__PROBLEM STATEMENT__
Once you find the line with "Foto de BRAZO" in the data below, transcribe exactly each line from there to the line with "Red_Band_Society_S01_E04_1080p_003125.jpg", inclusive, and nothing else. Drop the pictures.

__INPUT__
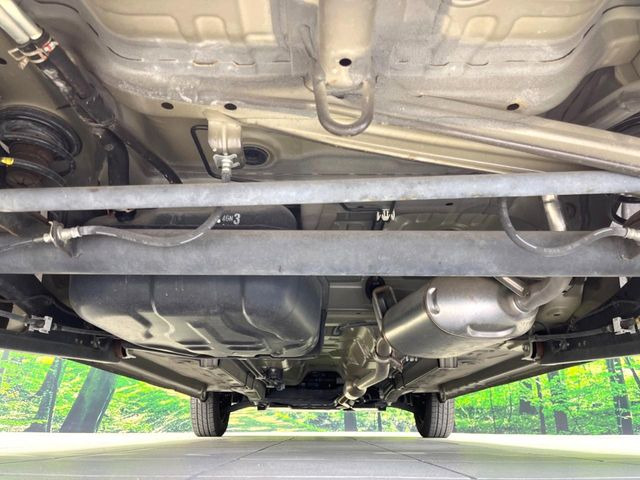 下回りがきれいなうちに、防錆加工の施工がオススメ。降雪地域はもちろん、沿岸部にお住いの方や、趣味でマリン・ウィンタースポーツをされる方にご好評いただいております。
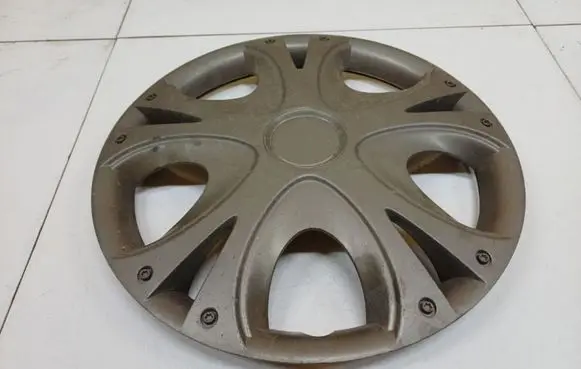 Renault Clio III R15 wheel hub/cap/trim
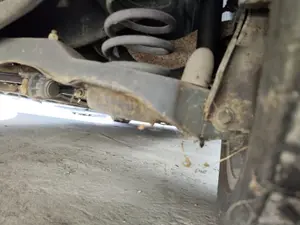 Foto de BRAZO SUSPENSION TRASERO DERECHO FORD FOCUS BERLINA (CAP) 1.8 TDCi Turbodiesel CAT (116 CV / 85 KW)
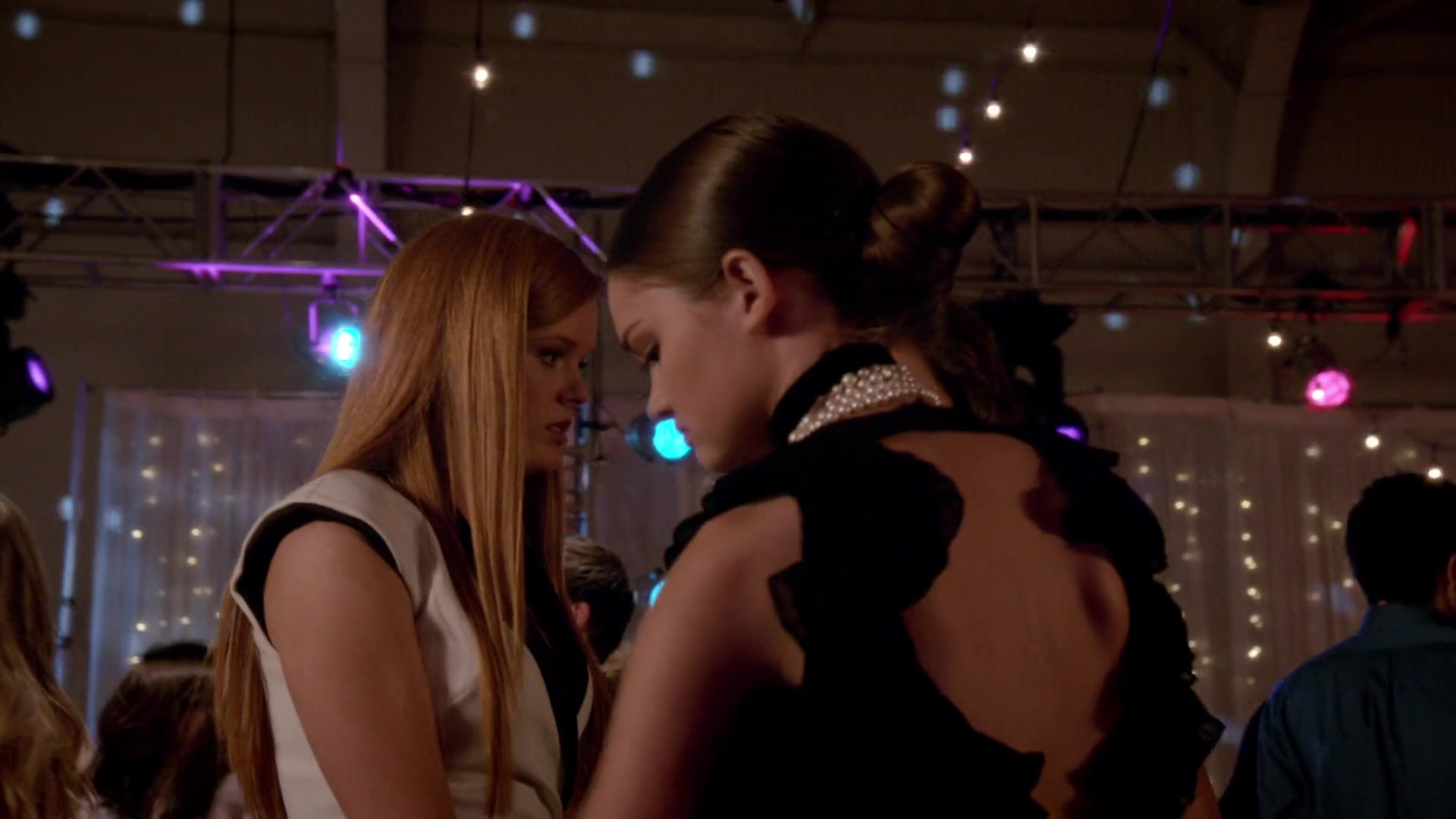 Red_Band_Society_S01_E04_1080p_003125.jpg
==
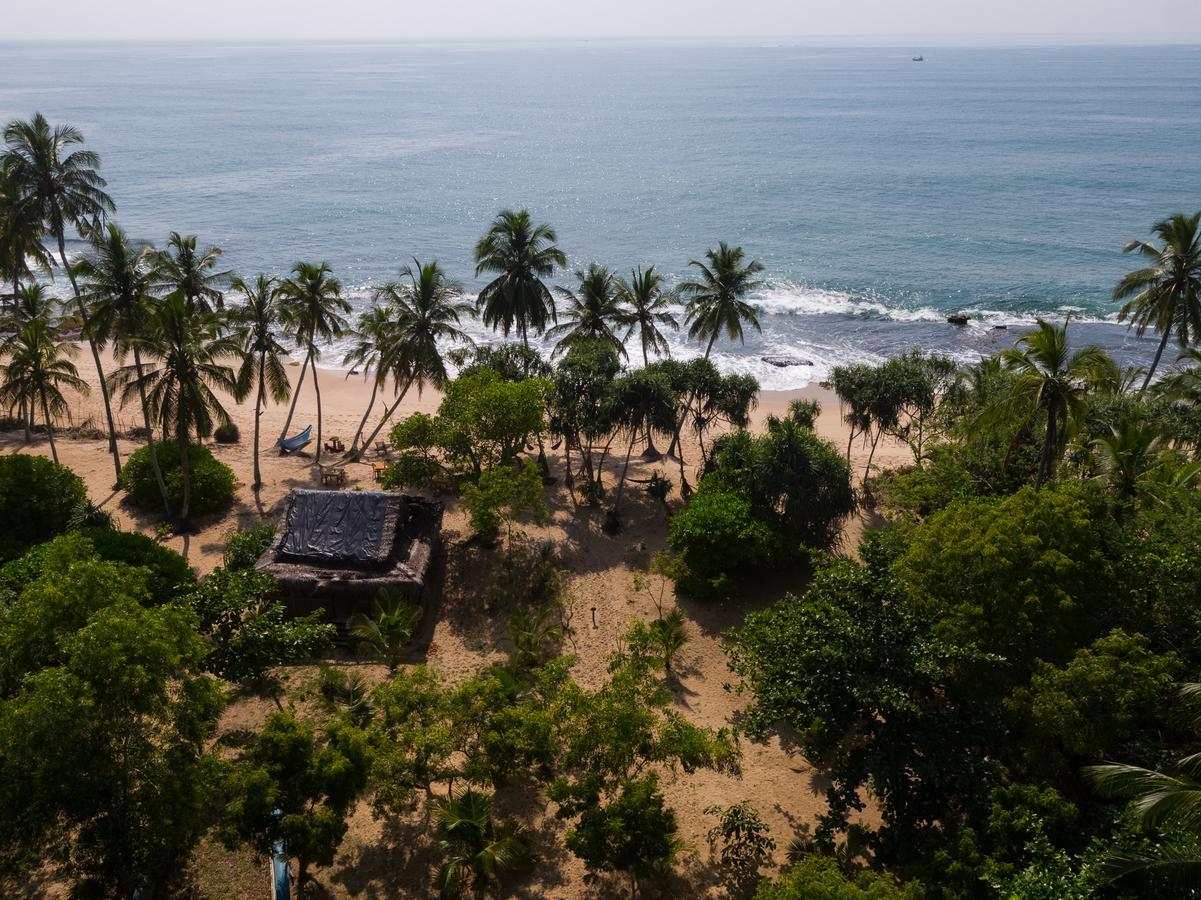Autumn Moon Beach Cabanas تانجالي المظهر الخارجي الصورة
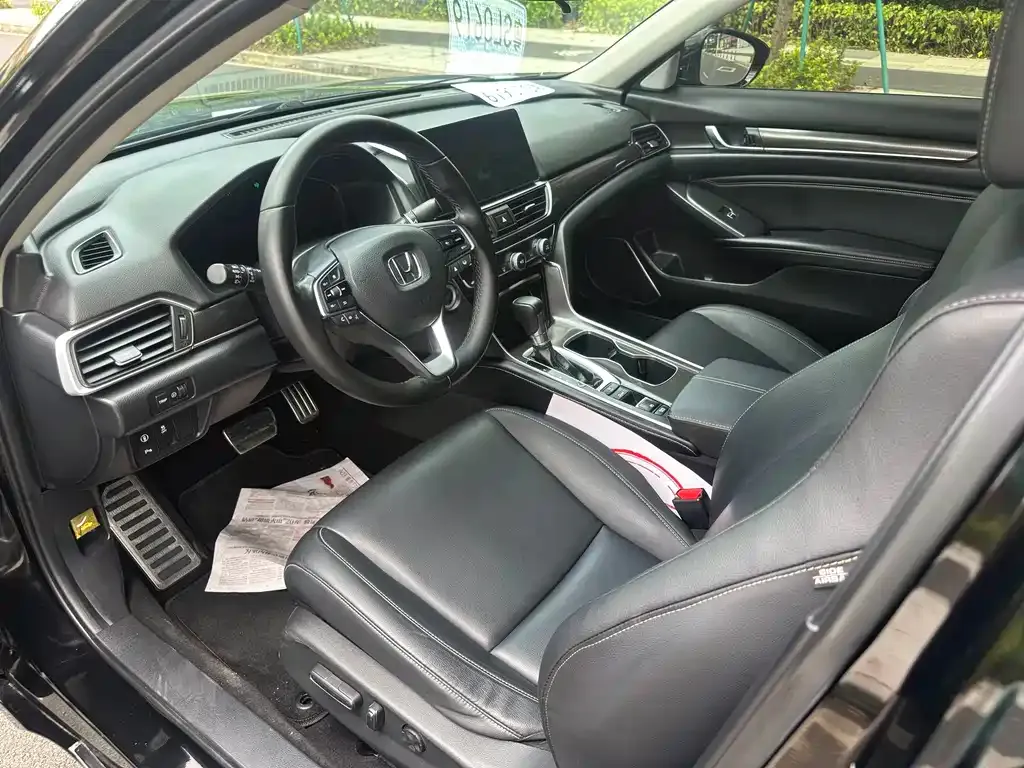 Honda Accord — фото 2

__RESPONSE__
 Foto de BRAZO SUSPENSION TRASERO DERECHO FORD FOCUS BERLINA (CAP) 1.8 TDCi Turbodiesel CAT (116 CV / 85 KW)
 Red_Band_Society_S01_E04_1080p_003125.jpg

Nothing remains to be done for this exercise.